食べ方は白焼きをわさびしょうゆで食べるのと、蒲焼きと二種類。わしは白焼きが好きなんよ。白焼きはそのウナギが持つ、本来の味じゃもん。蒲焼きはたれで濃い味をつけてしまうやろ。そりゃいくらたれをつけても素材の味がいい悪いでうまさは全然違うけど、それでもこのウナギには、たれをつけてしまうにはもったいないぐらいのうまみがあるんよ。
 
脂、脂というけん、ふだん養殖のウナギを食べよる人は、ものすごいむつこい(脂っこい)ことを想像しよるんじゃない? 天然もんにのってくる脂は養殖ものにのってくる脂と違って全然むつこくないんよ。
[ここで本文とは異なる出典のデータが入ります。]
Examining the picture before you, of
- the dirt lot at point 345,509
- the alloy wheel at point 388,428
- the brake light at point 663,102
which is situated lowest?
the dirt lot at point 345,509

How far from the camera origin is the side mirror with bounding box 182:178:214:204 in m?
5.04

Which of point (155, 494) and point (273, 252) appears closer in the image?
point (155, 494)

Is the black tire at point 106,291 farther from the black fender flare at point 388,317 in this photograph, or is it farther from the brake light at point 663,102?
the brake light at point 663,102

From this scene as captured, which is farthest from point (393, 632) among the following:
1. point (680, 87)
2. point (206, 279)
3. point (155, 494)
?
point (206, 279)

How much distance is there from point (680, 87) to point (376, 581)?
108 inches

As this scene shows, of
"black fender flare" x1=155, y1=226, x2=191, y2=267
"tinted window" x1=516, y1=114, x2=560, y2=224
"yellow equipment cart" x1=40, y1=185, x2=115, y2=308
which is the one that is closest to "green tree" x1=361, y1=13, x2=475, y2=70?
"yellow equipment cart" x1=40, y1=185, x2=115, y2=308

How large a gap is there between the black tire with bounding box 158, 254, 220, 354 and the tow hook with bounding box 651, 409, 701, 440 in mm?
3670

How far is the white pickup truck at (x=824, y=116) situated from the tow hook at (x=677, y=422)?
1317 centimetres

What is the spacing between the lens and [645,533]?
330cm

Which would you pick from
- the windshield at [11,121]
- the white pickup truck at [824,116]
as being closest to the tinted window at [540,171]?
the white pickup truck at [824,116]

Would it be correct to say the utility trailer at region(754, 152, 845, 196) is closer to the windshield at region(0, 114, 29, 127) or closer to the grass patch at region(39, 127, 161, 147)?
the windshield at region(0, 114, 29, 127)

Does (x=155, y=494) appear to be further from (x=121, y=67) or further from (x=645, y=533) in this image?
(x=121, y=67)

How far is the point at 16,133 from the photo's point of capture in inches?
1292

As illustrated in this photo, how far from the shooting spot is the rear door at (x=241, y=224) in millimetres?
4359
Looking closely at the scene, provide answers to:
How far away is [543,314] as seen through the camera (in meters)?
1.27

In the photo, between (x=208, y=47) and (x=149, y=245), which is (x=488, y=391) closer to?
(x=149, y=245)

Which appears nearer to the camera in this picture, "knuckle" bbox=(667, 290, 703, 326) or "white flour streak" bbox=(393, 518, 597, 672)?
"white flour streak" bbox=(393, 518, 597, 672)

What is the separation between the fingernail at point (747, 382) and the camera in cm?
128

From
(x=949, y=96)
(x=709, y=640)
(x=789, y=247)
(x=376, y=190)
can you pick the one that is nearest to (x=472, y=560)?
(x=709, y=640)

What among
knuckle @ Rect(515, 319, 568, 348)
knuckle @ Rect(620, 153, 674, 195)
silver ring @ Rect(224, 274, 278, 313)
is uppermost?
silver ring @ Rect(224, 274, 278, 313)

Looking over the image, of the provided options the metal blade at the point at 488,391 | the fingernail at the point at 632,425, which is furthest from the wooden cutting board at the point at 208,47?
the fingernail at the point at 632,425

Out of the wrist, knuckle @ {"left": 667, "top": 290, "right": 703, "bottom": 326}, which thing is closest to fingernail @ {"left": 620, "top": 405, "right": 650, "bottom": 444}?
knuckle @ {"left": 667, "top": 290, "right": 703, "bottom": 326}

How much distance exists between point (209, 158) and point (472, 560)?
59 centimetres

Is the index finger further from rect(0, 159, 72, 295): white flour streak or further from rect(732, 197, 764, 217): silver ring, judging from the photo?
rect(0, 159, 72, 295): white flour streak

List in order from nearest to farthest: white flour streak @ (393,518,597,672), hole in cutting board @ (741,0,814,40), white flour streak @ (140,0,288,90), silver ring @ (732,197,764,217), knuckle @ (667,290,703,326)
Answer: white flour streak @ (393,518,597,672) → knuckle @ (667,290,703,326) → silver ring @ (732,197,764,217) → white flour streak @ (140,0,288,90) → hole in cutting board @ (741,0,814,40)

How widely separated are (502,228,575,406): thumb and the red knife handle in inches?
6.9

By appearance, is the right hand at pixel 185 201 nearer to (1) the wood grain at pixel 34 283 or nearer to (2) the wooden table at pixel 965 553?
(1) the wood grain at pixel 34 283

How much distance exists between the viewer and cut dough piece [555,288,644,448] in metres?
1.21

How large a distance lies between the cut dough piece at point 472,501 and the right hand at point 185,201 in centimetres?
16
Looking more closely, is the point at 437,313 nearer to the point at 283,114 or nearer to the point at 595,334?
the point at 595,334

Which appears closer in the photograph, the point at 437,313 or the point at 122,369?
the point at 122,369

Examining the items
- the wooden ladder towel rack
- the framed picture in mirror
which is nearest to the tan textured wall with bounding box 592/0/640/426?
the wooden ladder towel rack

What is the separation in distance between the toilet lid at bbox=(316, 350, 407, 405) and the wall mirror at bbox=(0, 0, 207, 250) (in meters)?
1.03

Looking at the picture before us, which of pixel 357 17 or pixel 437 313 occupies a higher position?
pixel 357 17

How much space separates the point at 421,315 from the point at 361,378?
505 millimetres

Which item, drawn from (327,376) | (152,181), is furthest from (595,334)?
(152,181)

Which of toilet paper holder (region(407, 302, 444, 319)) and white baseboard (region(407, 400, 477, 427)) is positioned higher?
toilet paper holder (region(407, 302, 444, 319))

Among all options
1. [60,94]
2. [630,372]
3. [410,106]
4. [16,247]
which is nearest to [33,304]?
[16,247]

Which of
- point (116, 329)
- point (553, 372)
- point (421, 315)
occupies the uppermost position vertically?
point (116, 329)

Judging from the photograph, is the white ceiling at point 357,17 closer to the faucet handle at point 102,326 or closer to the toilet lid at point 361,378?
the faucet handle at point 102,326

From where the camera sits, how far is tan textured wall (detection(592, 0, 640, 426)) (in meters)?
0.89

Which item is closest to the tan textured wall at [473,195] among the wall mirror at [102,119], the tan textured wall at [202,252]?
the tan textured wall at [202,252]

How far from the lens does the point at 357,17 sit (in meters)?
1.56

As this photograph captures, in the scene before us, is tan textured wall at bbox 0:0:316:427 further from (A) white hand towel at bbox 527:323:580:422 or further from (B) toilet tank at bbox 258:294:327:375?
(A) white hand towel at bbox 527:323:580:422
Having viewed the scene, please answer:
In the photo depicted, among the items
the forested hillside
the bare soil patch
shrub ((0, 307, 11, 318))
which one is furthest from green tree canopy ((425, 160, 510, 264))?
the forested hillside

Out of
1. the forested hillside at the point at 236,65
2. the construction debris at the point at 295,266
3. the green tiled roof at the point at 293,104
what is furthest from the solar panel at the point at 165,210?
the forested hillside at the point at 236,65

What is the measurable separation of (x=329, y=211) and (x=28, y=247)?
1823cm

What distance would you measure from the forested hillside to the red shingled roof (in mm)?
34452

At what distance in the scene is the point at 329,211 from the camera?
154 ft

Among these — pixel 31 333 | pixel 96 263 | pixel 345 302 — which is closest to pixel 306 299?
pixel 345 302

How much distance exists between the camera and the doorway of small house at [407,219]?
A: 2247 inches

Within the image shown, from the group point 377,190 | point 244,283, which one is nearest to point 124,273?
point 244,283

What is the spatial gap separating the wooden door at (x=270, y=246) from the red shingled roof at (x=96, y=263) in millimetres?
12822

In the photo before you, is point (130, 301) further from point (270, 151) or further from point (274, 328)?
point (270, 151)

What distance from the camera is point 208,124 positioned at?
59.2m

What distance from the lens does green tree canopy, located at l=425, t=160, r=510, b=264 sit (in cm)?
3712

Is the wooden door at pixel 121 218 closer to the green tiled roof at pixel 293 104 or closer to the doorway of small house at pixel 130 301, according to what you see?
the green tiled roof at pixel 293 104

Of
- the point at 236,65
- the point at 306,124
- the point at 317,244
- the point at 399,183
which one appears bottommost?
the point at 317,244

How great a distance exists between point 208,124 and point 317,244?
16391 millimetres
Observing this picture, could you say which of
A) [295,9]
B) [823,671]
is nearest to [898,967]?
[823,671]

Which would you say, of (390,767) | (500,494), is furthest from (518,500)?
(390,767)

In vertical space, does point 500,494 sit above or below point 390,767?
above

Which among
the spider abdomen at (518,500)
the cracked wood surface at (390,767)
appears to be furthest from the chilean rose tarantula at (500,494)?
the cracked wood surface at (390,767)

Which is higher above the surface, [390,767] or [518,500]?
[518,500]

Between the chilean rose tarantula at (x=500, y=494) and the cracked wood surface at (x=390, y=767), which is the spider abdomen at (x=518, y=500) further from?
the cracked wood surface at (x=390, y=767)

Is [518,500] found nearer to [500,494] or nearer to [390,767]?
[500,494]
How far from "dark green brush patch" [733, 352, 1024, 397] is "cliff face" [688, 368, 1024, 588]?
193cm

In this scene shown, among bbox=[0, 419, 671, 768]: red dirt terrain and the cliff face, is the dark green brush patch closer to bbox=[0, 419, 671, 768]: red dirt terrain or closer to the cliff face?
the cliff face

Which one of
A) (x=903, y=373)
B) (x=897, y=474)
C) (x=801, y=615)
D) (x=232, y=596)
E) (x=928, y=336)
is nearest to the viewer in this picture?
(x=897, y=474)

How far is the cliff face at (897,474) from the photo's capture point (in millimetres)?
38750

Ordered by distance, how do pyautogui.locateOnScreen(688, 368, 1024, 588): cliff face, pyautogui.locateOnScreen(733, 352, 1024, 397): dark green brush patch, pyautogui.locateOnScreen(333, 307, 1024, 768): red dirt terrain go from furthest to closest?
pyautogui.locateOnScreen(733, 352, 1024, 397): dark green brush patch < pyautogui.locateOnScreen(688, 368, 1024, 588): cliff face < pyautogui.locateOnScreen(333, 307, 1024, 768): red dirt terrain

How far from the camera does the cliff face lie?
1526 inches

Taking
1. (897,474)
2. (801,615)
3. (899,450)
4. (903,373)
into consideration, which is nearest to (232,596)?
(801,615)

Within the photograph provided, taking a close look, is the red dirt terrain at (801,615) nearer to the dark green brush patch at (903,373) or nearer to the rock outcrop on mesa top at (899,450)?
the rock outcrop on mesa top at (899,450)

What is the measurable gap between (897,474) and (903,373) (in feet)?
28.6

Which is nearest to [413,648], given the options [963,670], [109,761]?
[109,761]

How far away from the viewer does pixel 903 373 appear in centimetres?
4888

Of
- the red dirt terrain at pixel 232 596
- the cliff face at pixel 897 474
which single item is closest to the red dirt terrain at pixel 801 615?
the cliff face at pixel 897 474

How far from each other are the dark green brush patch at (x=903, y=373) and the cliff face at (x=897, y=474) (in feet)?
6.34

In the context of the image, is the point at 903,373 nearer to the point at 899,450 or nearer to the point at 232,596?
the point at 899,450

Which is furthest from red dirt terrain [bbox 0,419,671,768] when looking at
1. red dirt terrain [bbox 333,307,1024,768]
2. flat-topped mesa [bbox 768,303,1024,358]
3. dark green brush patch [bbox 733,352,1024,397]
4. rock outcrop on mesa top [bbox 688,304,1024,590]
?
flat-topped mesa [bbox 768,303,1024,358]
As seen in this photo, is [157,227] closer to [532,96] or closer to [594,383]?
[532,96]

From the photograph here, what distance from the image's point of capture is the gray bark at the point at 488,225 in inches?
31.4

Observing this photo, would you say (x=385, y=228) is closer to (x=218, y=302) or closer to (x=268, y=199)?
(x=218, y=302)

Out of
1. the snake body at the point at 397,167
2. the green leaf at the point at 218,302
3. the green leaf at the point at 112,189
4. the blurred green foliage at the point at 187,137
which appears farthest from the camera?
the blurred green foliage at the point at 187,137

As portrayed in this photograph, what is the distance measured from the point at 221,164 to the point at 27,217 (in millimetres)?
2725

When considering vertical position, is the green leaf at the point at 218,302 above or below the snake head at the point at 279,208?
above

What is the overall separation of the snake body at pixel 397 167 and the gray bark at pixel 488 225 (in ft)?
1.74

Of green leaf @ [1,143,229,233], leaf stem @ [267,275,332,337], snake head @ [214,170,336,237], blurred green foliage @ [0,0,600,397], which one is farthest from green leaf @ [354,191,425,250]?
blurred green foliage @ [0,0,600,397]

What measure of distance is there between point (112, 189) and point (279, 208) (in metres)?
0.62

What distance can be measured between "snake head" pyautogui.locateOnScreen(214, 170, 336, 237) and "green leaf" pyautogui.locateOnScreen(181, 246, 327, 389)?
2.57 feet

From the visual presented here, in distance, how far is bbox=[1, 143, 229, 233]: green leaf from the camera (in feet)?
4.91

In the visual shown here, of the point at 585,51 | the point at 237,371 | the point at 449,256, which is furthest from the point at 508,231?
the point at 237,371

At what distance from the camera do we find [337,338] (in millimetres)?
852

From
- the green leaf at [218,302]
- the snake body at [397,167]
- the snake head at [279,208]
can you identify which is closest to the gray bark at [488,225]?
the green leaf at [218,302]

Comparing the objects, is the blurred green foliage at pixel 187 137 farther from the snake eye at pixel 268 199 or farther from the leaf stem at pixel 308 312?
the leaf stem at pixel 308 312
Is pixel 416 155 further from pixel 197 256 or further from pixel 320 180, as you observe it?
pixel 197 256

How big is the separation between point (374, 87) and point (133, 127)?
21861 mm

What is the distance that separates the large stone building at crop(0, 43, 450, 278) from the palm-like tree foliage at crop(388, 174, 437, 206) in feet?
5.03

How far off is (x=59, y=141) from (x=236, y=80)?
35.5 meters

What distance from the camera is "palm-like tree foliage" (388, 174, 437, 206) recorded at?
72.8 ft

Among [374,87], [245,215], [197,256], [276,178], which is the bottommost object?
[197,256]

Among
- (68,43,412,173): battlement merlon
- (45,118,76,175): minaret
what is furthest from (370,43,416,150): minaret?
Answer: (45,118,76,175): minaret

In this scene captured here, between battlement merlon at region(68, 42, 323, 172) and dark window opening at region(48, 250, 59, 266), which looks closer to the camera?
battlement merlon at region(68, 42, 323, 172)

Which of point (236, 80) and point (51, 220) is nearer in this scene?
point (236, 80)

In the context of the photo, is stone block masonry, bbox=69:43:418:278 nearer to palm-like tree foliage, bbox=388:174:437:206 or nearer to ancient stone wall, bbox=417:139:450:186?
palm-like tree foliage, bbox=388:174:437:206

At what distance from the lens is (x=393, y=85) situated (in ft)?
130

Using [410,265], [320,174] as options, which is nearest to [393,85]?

天然の脂はとろけるような甘さを出して、口の中に脂っぽさは残さん。やけん、量もけっこう食べれる。
 
まあ、カロリーは高いやろうけどな。あれだけの脂ののりやけん。ホントのウナギ好きの人にはたまらんと思うぜ。でもそんなに捕れんのよ。この時期にここの市場で三十から四十本ぐらいはあがるときもあったんやけど、最近はほとんどみんな。年に一本もあがらんときもある。
 
わしがこの海のウナギを知ったのは二十五年ぐらい前。知り合いの(仲買人)からたまたまもらったんよ。そのときは海のウナギというても、「別にたいしたことないわい。それにしても大きいけん、逆に大味じゃかなろか」と思ったぐらい。それが、食べてみてあまりのうまさにたまげた。伊予灘の魚はどちらかというと上品なうまさが魅力やけんな、こんなに脂がのっとっる衝撃の味は初めてよ。
 
それから五年後に店を始めたんやけど、このウナギは絶対に出そうと思うてな。市にあがったらすぐ買うようにしとるんよ。
 
町のほうから来るお客さんにこのウナギを出して、何もいわんとウナギやとあてる人は今まで一人もおらんかったな。たまにうつぼですか?といった人もおるけどな。